■ Provided data ■
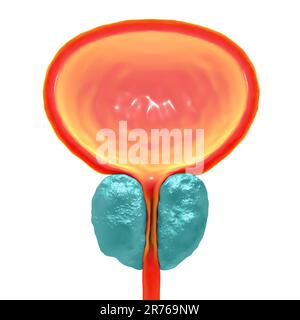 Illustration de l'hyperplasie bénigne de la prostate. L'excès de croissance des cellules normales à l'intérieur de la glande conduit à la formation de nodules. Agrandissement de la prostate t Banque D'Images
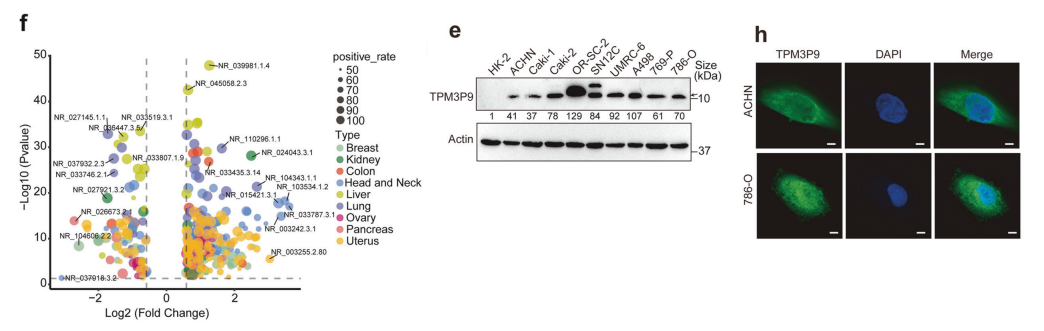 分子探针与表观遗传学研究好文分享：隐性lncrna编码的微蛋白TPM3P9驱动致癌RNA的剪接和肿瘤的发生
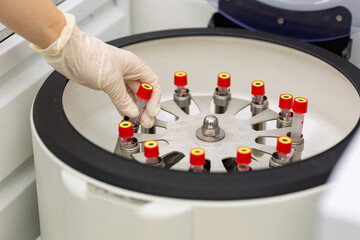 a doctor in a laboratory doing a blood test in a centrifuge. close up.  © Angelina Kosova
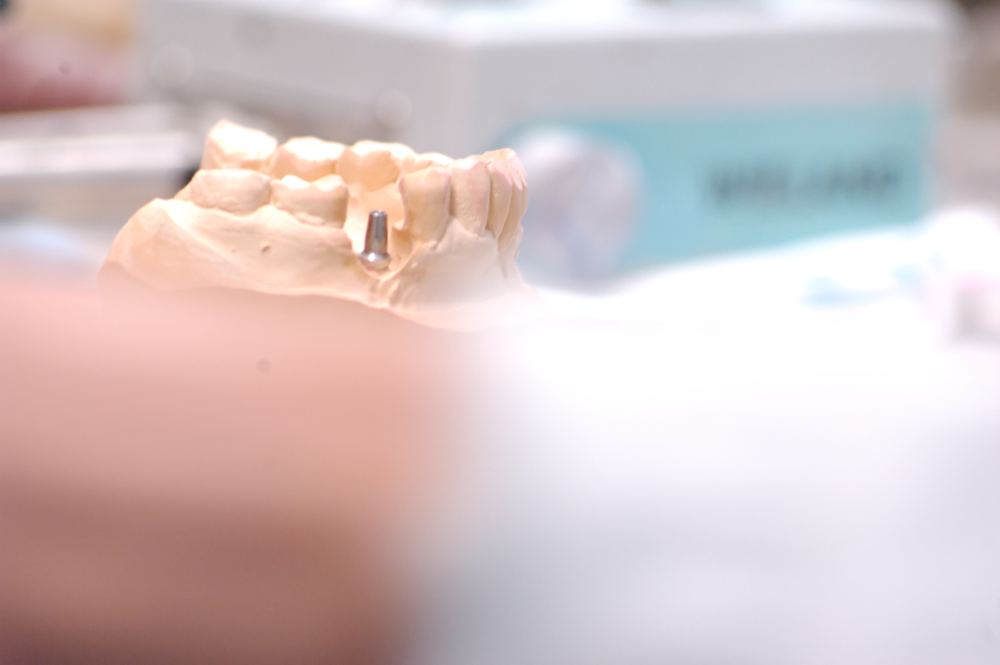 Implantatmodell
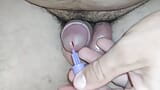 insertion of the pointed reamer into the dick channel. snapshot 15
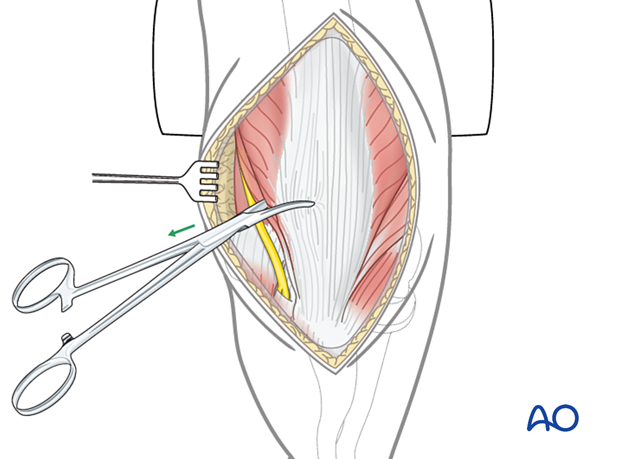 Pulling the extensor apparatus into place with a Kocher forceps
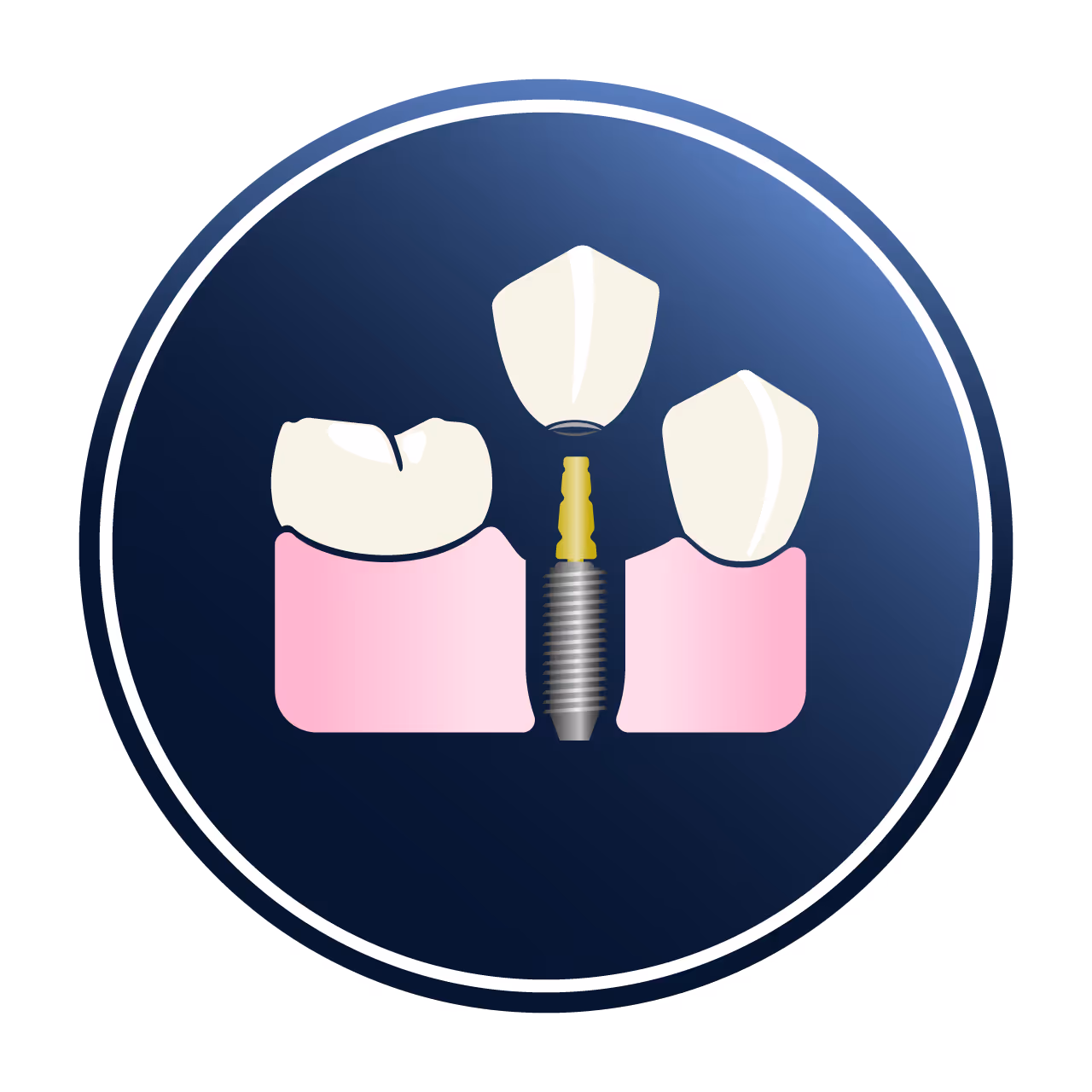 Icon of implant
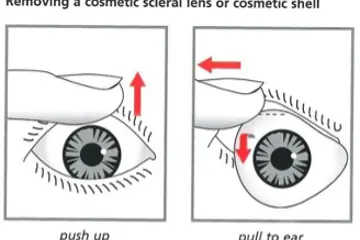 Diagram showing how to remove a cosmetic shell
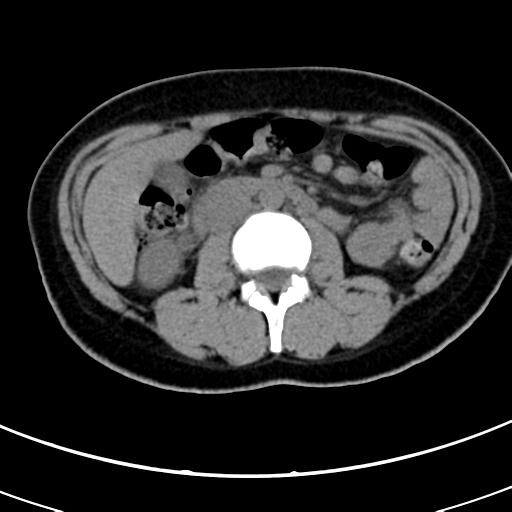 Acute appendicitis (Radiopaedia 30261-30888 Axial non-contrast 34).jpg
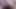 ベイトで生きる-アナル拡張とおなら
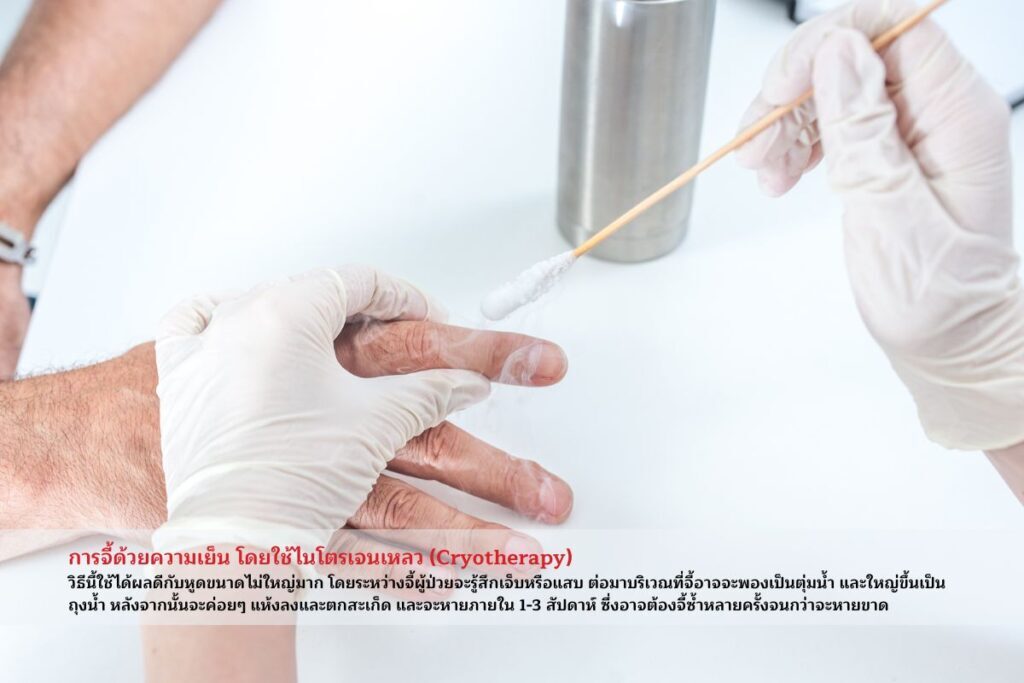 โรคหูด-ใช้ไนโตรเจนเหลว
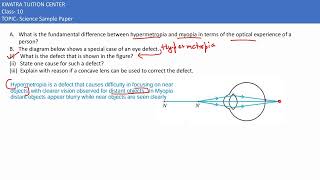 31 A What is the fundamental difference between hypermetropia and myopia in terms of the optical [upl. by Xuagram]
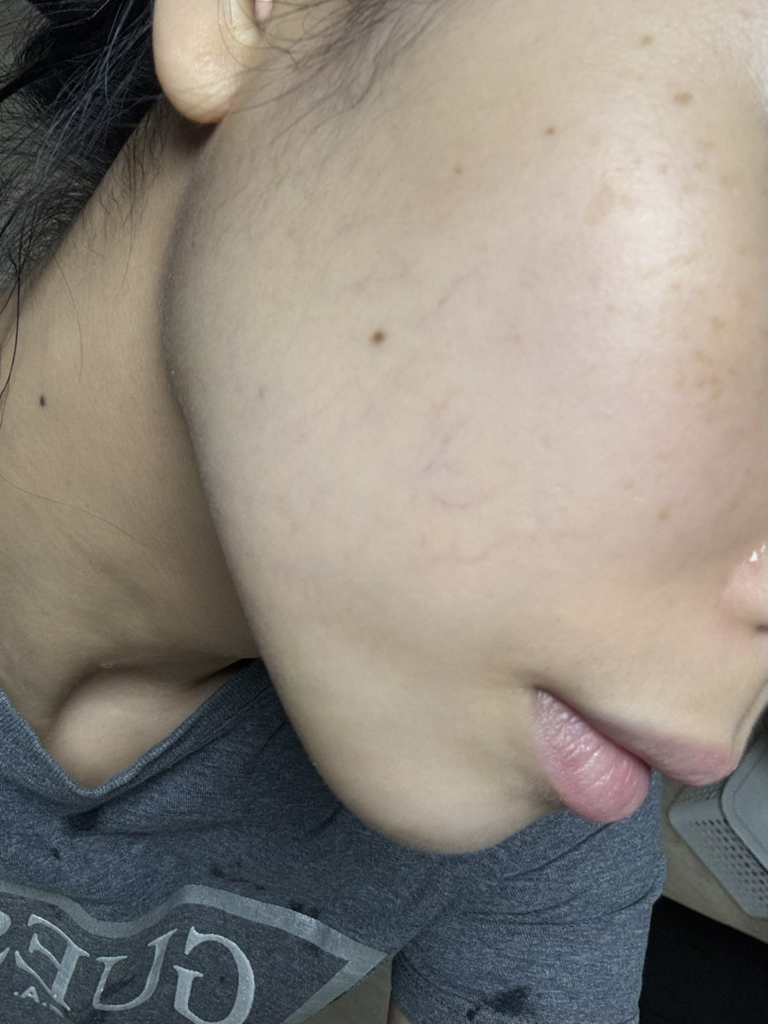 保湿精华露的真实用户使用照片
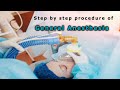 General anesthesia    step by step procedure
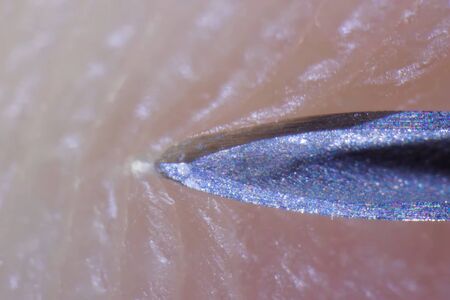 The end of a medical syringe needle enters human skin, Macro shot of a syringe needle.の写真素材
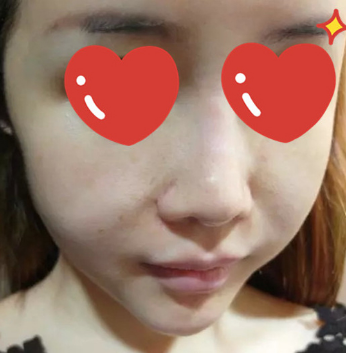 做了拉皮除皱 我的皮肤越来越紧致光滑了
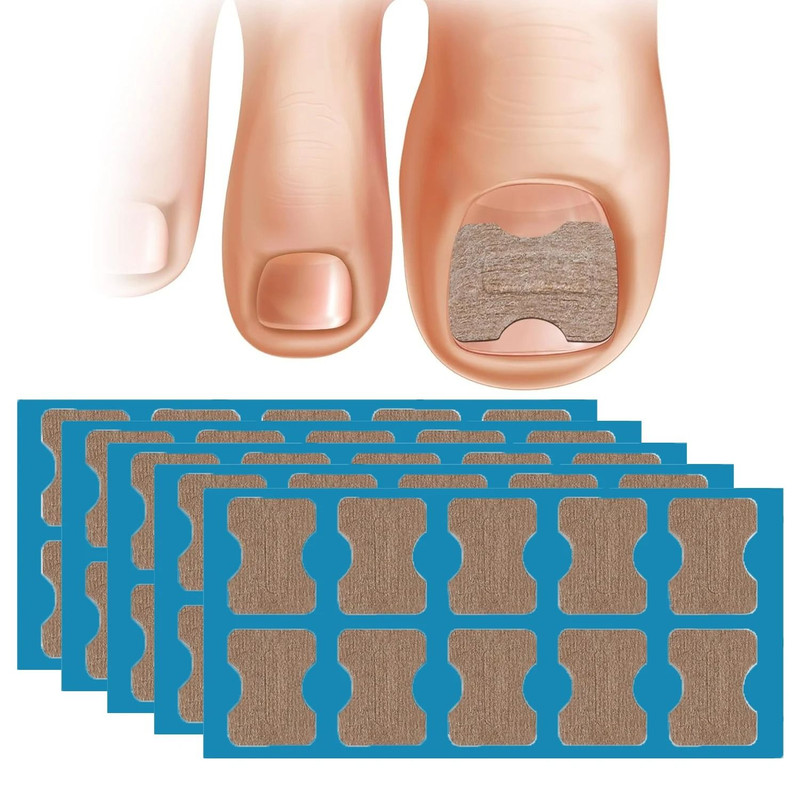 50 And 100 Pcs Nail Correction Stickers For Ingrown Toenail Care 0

■ What the exercise asks ■
Return every record exactly, without the pictures.

■ Response below ■
 Illustration de l'hyperplasie bénigne de la prostate. L'excès de croissance des cellules normales à l'intérieur de la glande conduit à la formation de nodules. Agrandissement de la prostate t Banque D'Images
 分子探针与表观遗传学研究好文分享：隐性lncrna编码的微蛋白TPM3P9驱动致癌RNA的剪接和肿瘤的发生
 a doctor in a laboratory doing a blood test in a centrifuge. close up.  © Angelina Kosova
 Implantatmodell
 insertion of the pointed reamer into the dick channel. snapshot 15
 Pulling the extensor apparatus into place with a Kocher forceps
 Icon of implant
 Diagram showing how to remove a cosmetic shell
 Acute appendicitis (Radiopaedia 30261-30888 Axial non-contrast 34).jpg
 ベイトで生きる-アナル拡張とおなら
 โรคหูด-ใช้ไนโตรเจนเหลว
 31 A What is the fundamental difference between hypermetropia and myopia in terms of the optical [upl. by Xuagram]
 保湿精华露的真实用户使用照片
 General anesthesia    step by step procedure
 The end of a medical syringe needle enters human skin, Macro shot of a syringe needle.の写真素材
 做了拉皮除皱 我的皮肤越来越紧致光滑了
 50 And 100 Pcs Nail Correction Stickers For Ingrown Toenail Care 0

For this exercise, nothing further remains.